Exercise objective: Please retype all of the records below word for word, leaving out any pictures.

#### Given entries

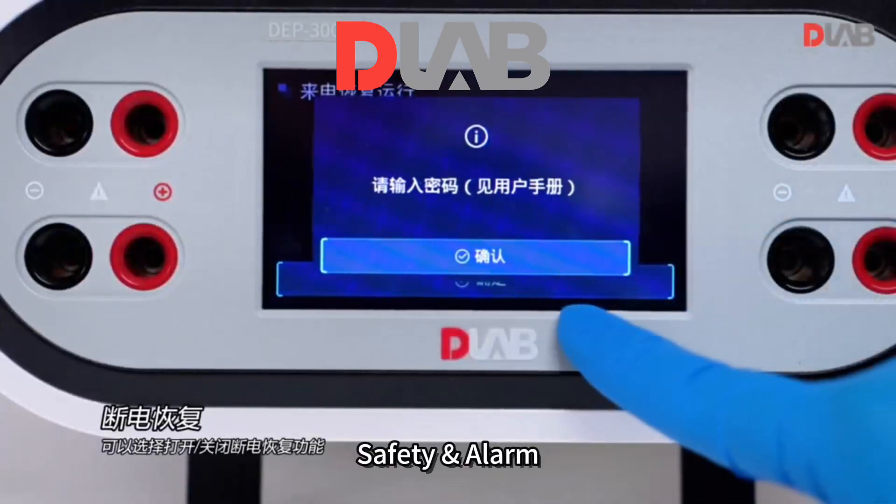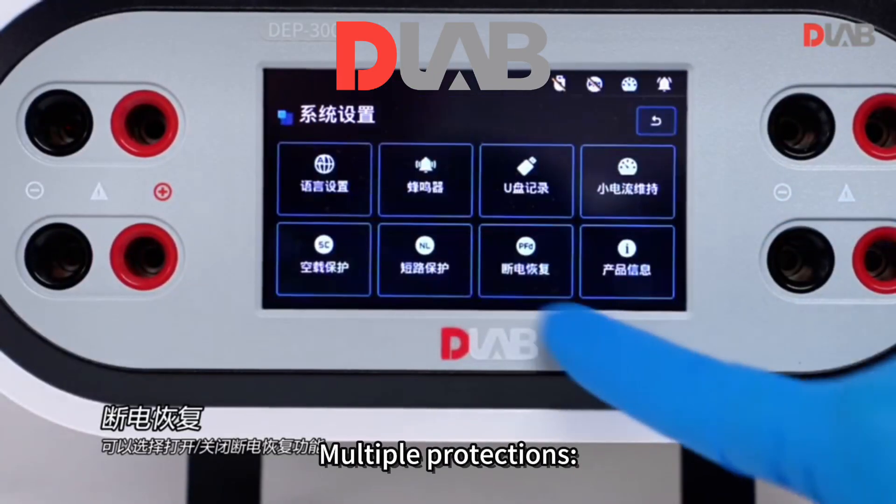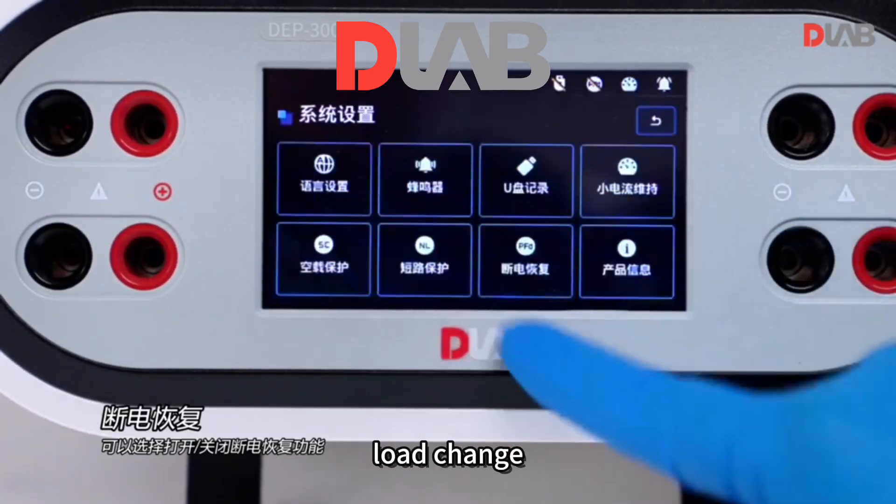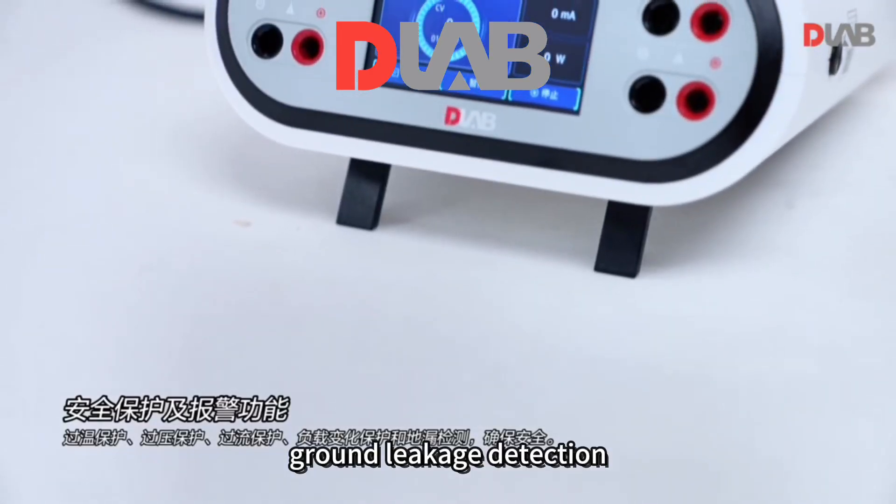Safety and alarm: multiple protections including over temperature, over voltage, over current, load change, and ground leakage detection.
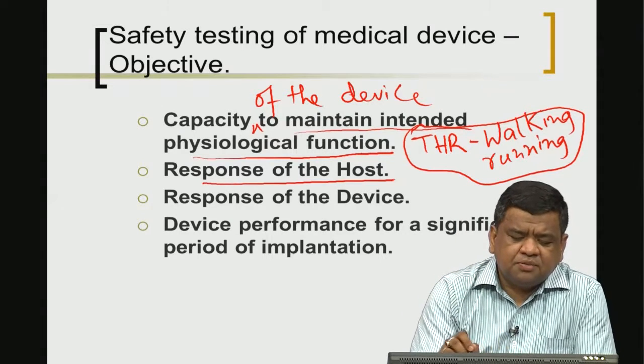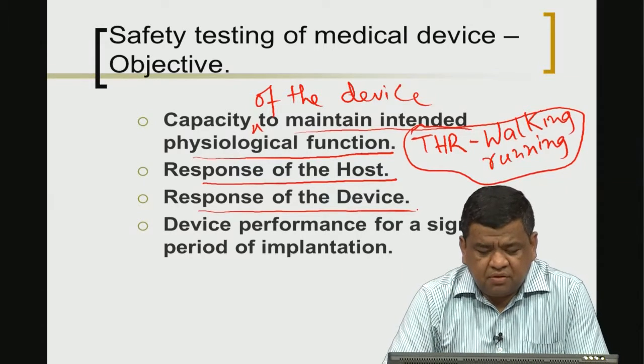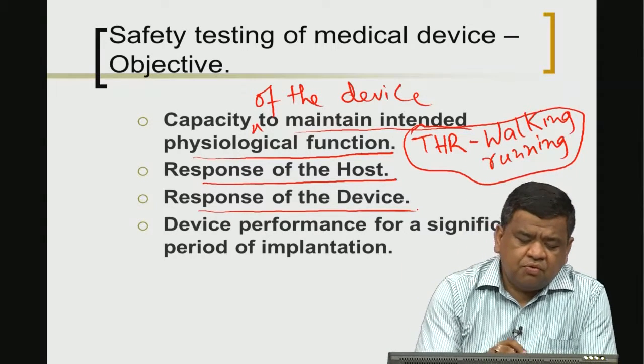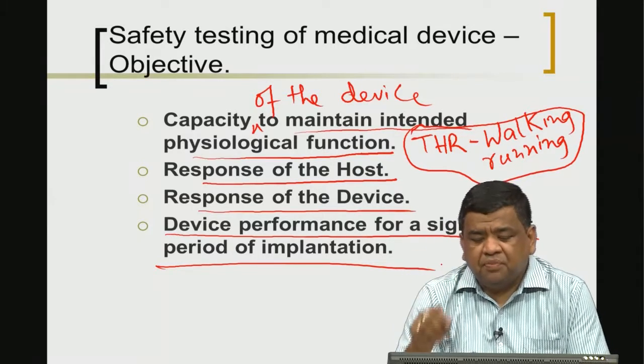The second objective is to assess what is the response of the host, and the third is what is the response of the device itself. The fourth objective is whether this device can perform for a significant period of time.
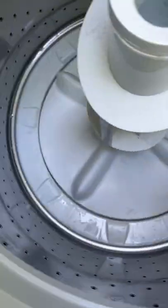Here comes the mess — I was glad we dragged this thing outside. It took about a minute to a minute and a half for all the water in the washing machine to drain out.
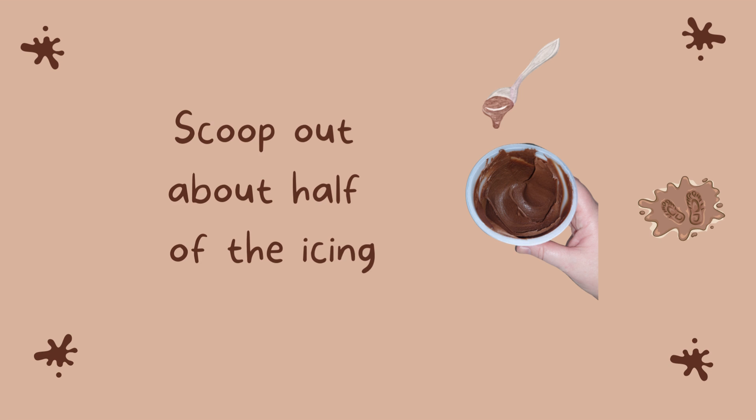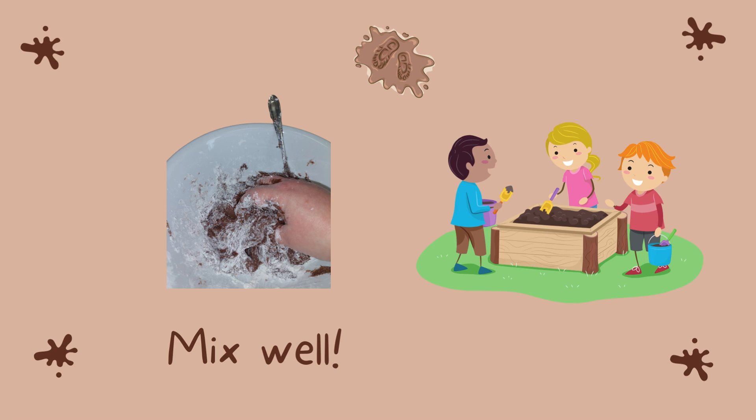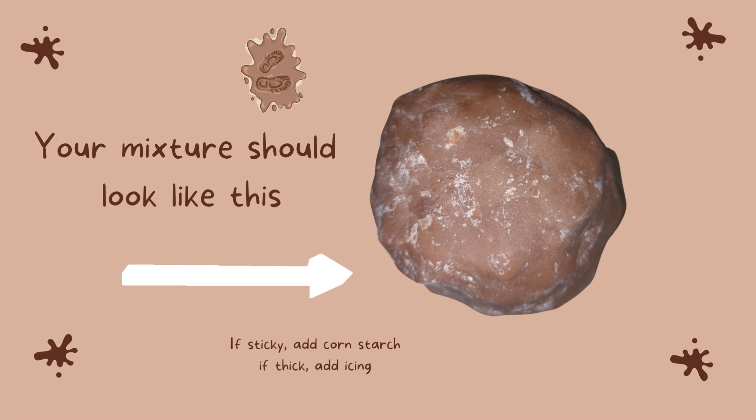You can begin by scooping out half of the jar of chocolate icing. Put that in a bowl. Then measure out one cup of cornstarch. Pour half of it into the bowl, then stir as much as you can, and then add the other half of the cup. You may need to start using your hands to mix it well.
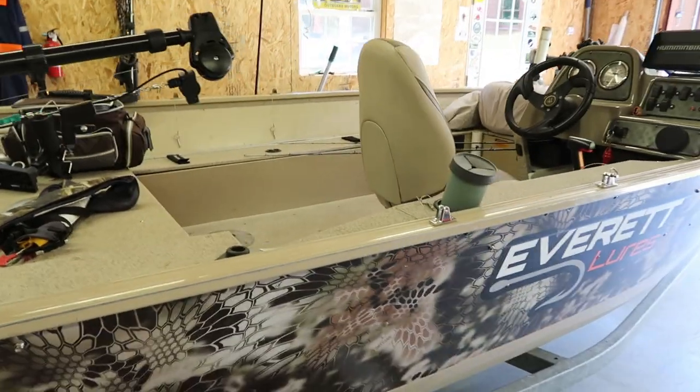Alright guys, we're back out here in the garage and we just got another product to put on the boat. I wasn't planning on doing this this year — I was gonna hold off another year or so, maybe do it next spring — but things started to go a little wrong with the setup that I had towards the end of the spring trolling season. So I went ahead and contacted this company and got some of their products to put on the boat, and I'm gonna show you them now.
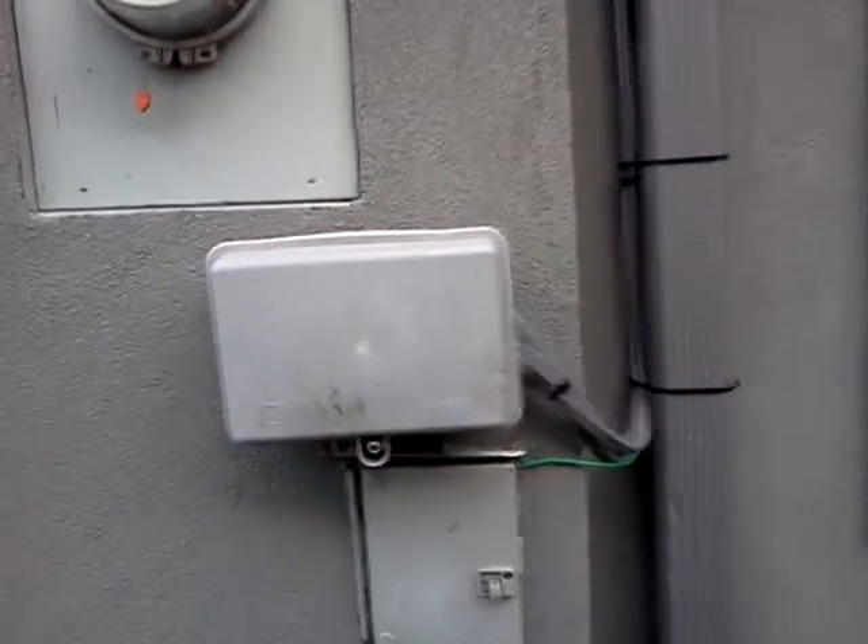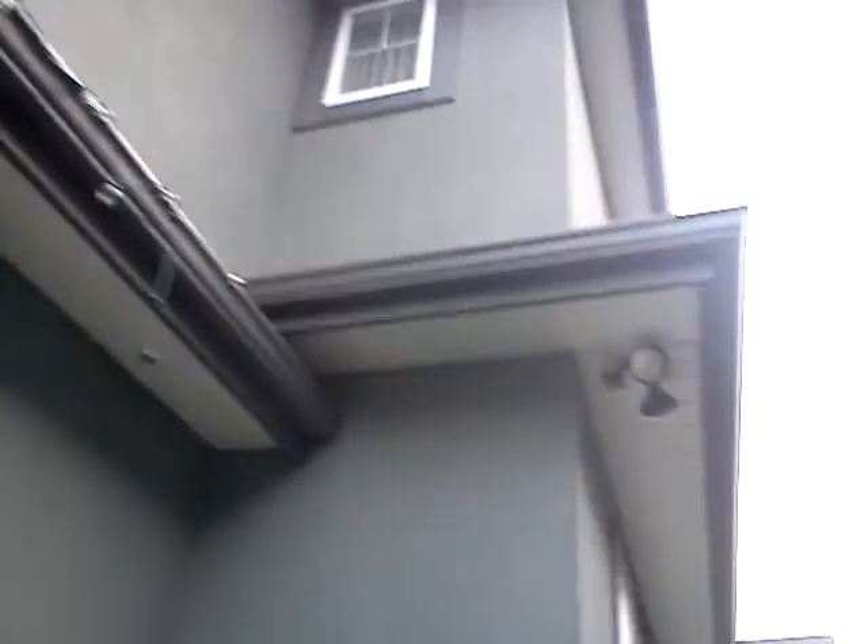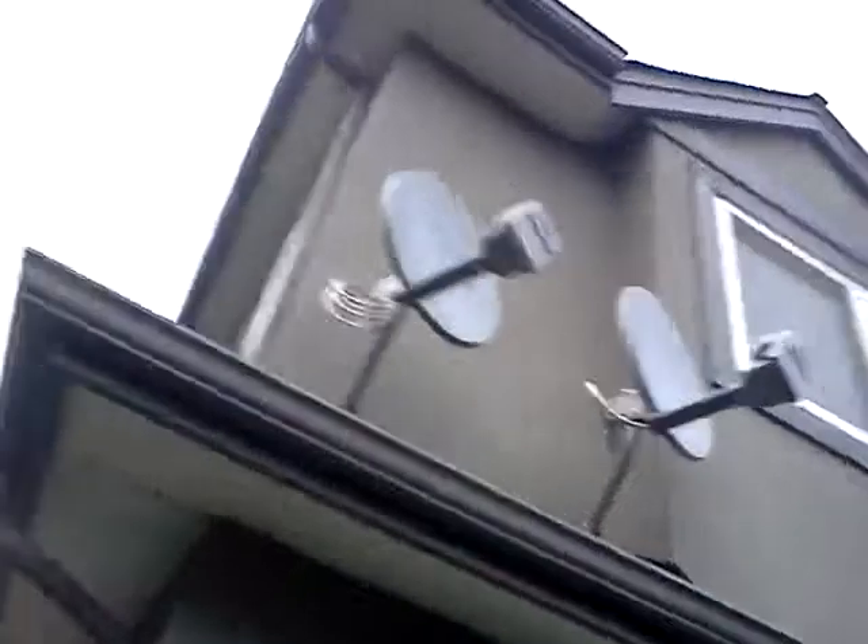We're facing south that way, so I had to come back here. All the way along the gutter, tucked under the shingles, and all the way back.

########

Solution to this exercise:
Safety and alarm: multiple protections including over temperature, over voltage, over current, load change, and ground leakage detection.
The second objective is to assess what is the response of the host, and the third is what is the response of the device itself. The fourth objective is whether this device can perform for a significant period of time.
Here comes the mess — I was glad we dragged this thing outside. It took about a minute to a minute and a half for all the water in the washing machine to drain out.
You can begin by scooping out half of the jar of chocolate icing. Put that in a bowl. Then measure out one cup of cornstarch. Pour half of it into the bowl, then stir as much as you can, and then add the other half of the cup. You may need to start using your hands to mix it well.
Alright guys, we're back out here in the garage and we just got another product to put on the boat. I wasn't planning on doing this this year — I was gonna hold off another year or so, maybe do it next spring — but things started to go a little wrong with the setup that I had towards the end of the spring trolling season. So I went ahead and contacted this company and got some of their products to put on the boat, and I'm gonna show you them now.
We're facing south that way, so I had to come back here. All the way along the gutter, tucked under the shingles, and all the way back.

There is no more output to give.